───── Supplied information

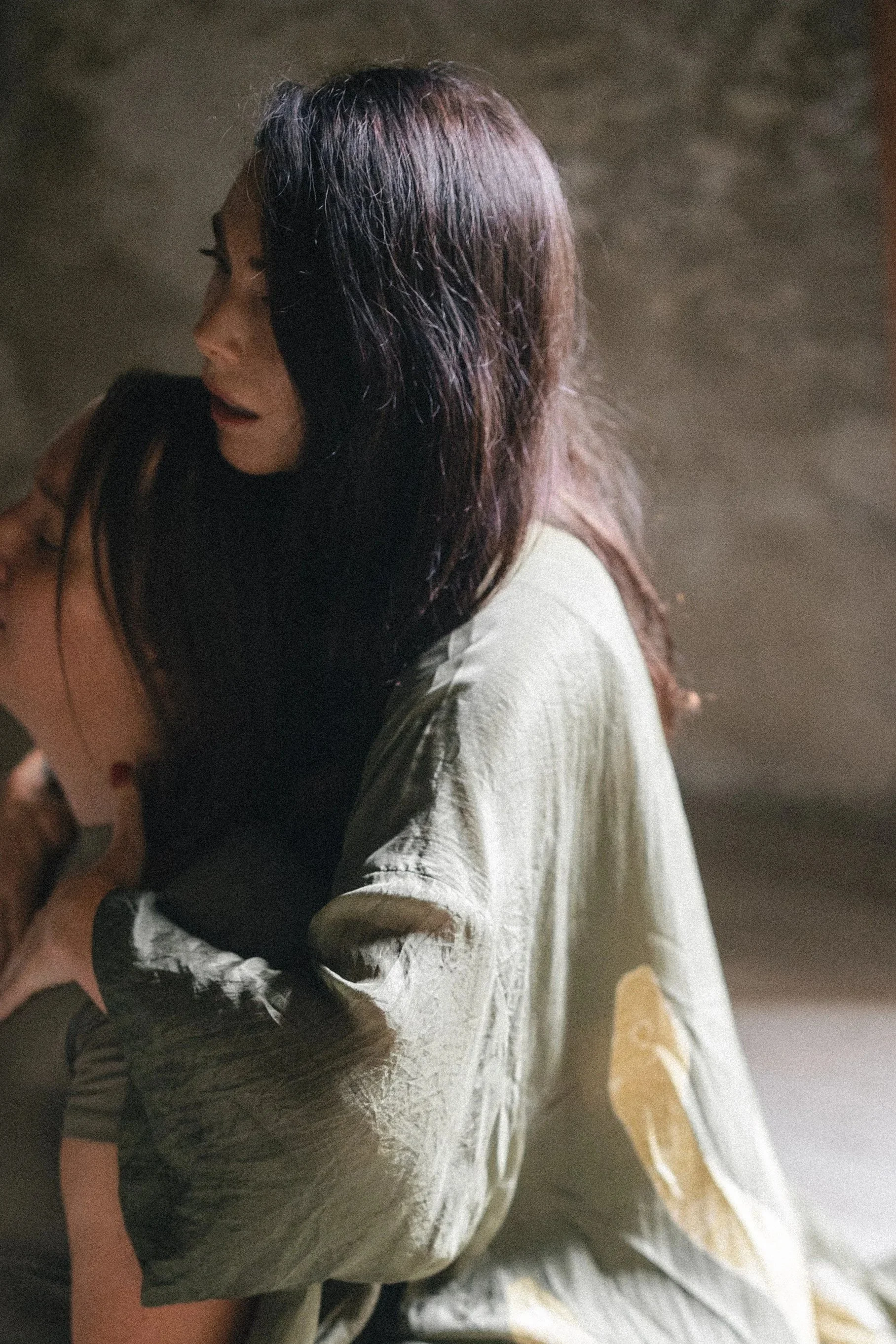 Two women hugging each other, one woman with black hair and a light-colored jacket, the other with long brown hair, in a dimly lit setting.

──────────
───── Supplied information

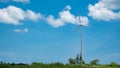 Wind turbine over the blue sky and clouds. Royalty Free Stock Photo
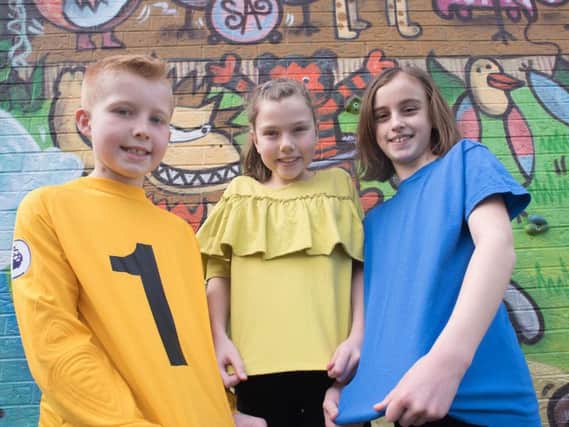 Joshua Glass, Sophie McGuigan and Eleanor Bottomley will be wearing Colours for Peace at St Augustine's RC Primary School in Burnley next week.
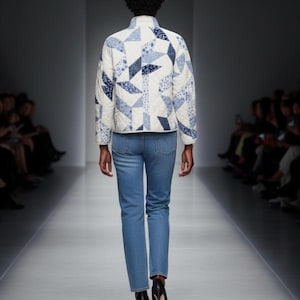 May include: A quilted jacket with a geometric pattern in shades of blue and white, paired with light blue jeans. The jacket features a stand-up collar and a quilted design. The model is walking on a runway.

──────────
───── Supplied information

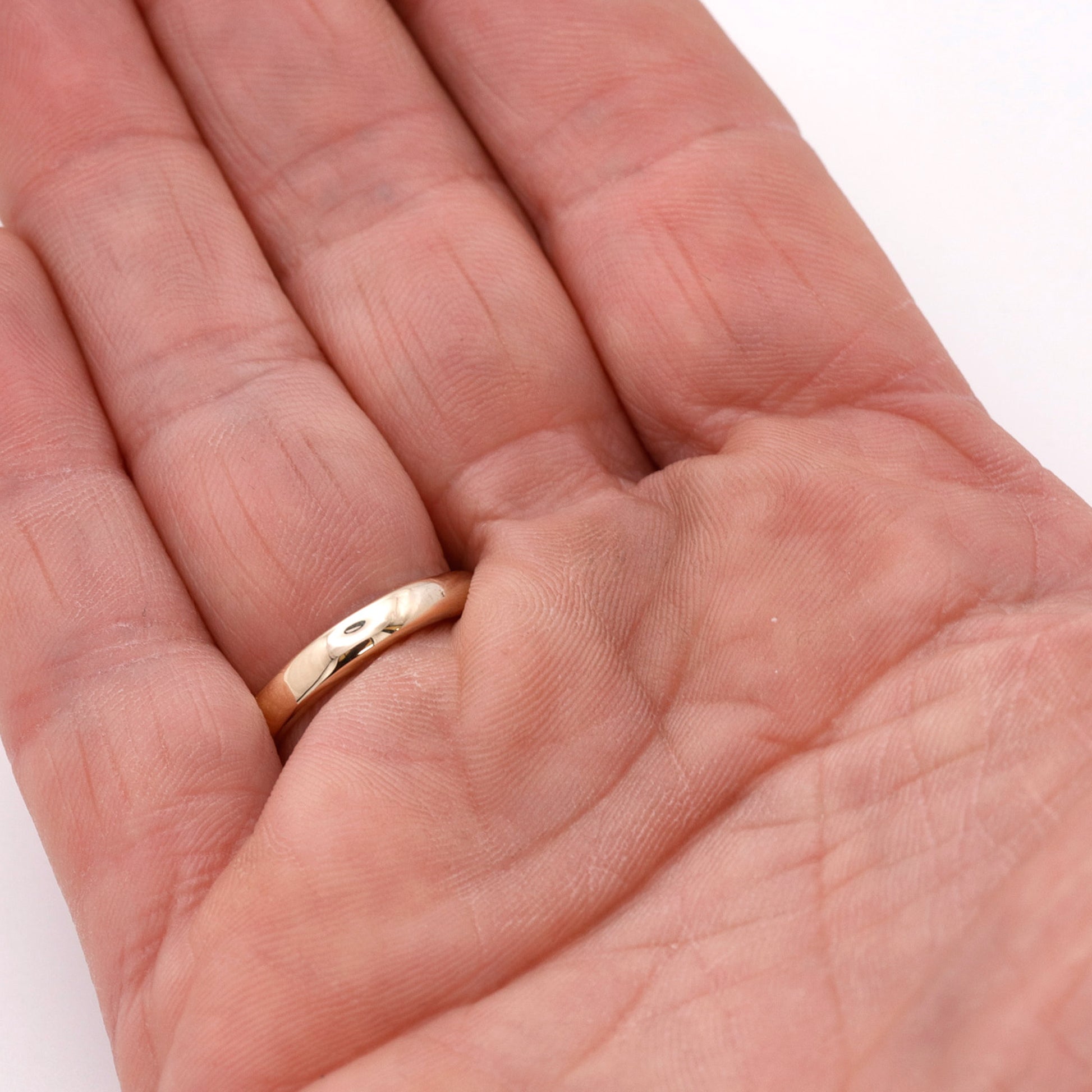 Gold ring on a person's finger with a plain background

──────────

• **Activity**: Reproduce the listing above from the line that holds "Joshua Glass, Sophie" through the line that holds "May include: A", both included, with the pictures left out.

• **Result for this task**:
 Joshua Glass, Sophie McGuigan and Eleanor Bottomley will be wearing Colours for Peace at St Augustine's RC Primary School in Burnley next week.
 May include: A quilted jacket with a geometric pattern in shades of blue and white, paired with light blue jeans. The jacket features a stand-up collar and a quilted design. The model is walking on a runway.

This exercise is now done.